Mind the (Financial) Gap

The world is going through an amazing period in human history. We are starting to see the benefits of the Internet and computers in a new light. With this unprecedented productivity, corporations are producing more and reaching record outputs. While this great growth is a very good thing, the average Joe is not seeing the benefits of this.


Wages are, for the first time in history, diverting from the growth in productivity. This creates a larger and larger gap between the rich and the poor. Are the poor just destined to live with meager wages, barely surviving? I hope not.

Here are some examples of where people are losing jobs:

Robots are taking over warehouses. Computers will soon be able to drive our trucks. Algorithms are being created to better utilize a company's servers. 

It is coming to the point where if you do not have the 'right' skills for the new economy, your job could be on the line. What happens when the majority of minimum wage jobs are automated? 

Two things that I think need to happen in order to avoid the perils of the future.

Number one is we need to shift our school curriculum from a laborer mentality to a skill driven mentality. Making this shift will begin to train our young people for a job with at least some type of skilled work. Germany does something like this where they have different 'tracks' for high school students. 

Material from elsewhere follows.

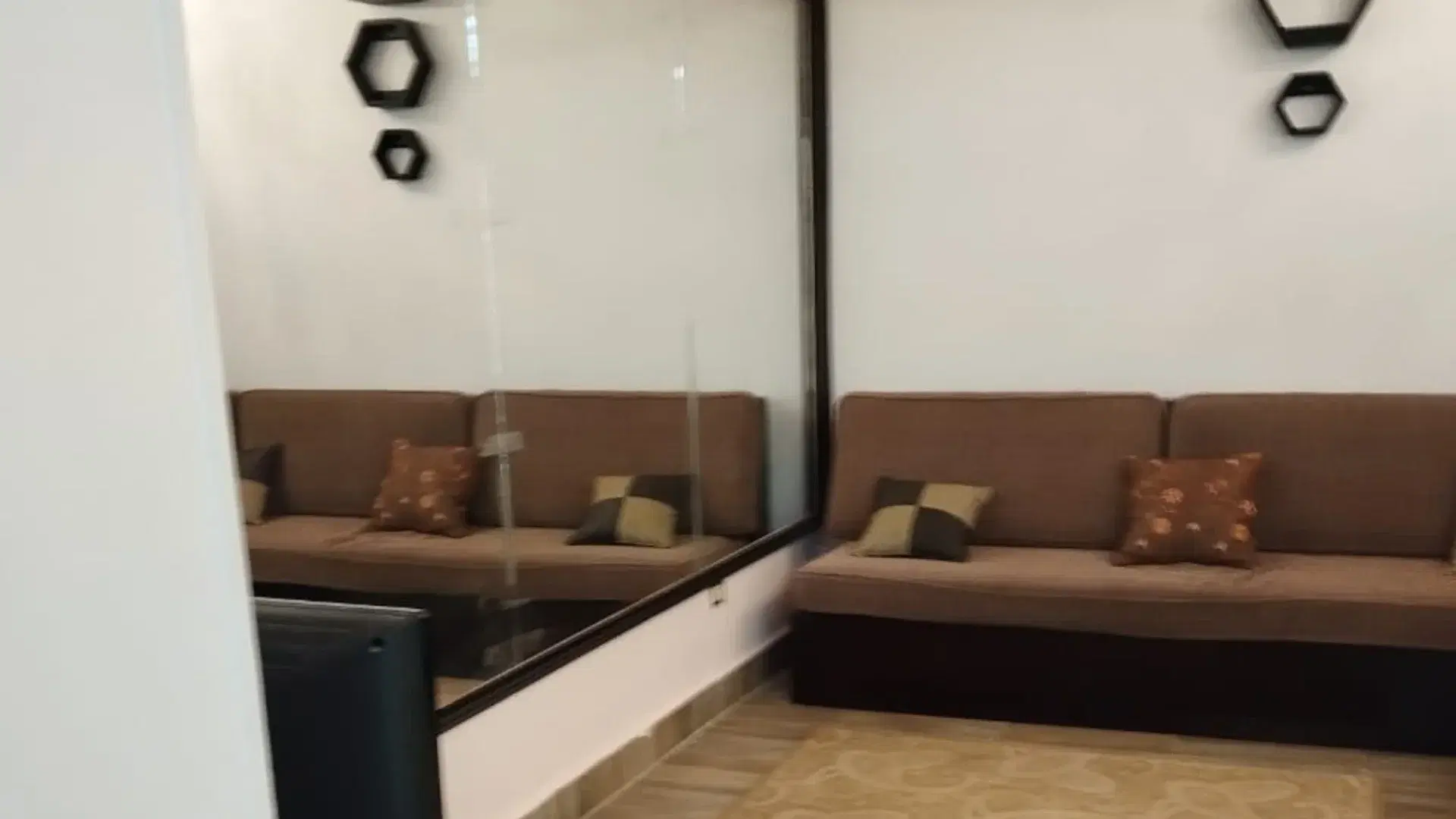 دوبلكس متشطب البنفسج عمارات بجاردن 300م وبيزمنت 150م وجاكوزي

The second item is we need social reform. I do not know what this reform is. However, a dramatic shift in society that we are bound to see within the next 10 years will produce change. In the Industrial Revolution, we were able to get rid of child labor and a more standardized work week. One suggestion is to have a minimum income (see below video). This would give people something to live on. People may not like the hand-out but if the majority of people have to live off of a meager income (current minimum wage), who will buy the goods that we are producing? Consumerism accounts for approximately 70% of our GDP.